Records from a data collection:
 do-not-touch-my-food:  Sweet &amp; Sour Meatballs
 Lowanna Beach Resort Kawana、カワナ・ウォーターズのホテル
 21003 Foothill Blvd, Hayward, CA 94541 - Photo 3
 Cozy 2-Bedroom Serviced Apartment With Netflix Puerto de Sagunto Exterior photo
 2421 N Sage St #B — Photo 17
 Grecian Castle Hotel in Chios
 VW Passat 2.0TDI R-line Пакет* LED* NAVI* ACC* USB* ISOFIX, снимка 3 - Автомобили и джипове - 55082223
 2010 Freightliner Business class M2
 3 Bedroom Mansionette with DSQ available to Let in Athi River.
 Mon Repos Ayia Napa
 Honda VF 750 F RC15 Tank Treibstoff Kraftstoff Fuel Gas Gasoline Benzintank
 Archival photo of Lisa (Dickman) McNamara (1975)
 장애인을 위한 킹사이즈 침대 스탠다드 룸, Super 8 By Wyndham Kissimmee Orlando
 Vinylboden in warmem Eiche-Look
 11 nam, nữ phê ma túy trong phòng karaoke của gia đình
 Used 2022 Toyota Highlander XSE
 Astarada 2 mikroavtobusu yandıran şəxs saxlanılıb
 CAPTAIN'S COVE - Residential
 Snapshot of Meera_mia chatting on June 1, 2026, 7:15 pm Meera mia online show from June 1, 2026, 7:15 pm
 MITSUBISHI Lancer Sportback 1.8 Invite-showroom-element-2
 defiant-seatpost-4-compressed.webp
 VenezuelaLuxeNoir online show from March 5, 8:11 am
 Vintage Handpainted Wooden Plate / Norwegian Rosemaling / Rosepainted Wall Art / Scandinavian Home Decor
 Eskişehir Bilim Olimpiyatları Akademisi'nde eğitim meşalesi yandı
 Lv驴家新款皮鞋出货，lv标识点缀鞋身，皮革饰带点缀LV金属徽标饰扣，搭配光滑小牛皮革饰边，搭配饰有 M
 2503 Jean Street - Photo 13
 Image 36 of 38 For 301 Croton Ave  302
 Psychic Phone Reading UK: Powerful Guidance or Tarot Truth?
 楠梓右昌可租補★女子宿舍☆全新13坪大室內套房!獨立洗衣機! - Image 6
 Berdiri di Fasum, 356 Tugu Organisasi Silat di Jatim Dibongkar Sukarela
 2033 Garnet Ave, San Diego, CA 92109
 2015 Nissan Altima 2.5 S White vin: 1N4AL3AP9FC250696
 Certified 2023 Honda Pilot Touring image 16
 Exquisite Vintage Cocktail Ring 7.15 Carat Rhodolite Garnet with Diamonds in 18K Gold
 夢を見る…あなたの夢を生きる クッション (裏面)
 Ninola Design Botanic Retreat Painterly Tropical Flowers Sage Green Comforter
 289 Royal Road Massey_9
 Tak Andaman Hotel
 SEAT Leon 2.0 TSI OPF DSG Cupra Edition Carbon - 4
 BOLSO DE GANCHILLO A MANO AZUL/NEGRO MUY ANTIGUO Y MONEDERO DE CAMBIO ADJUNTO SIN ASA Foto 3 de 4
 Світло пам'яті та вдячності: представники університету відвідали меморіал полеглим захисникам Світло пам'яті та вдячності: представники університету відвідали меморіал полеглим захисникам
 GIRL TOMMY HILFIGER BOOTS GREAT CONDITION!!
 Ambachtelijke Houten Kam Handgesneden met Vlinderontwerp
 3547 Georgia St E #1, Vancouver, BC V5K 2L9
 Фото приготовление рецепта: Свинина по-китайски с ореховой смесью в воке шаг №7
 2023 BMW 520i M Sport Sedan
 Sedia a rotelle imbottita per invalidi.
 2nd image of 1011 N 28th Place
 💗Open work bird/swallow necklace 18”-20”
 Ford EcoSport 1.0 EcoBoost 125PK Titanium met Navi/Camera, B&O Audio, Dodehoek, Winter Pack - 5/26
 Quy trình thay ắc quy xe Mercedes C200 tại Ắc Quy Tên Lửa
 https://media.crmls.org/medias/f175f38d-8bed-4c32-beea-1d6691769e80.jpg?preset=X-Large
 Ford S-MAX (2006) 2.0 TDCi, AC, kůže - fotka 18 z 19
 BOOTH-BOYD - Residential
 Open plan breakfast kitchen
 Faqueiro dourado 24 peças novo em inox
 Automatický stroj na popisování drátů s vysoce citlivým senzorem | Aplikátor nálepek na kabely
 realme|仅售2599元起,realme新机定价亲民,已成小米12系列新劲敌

> TRY IT
Start with the line that contains "Automatický stroj na", end with the last line of the entries, and please retype every line in that span exactly, with no others.

> ANSWER
 Automatický stroj na popisování drátů s vysoce citlivým senzorem | Aplikátor nálepek na kabely
 realme|仅售2599元起,realme新机定价亲民,已成小米12系列新劲敌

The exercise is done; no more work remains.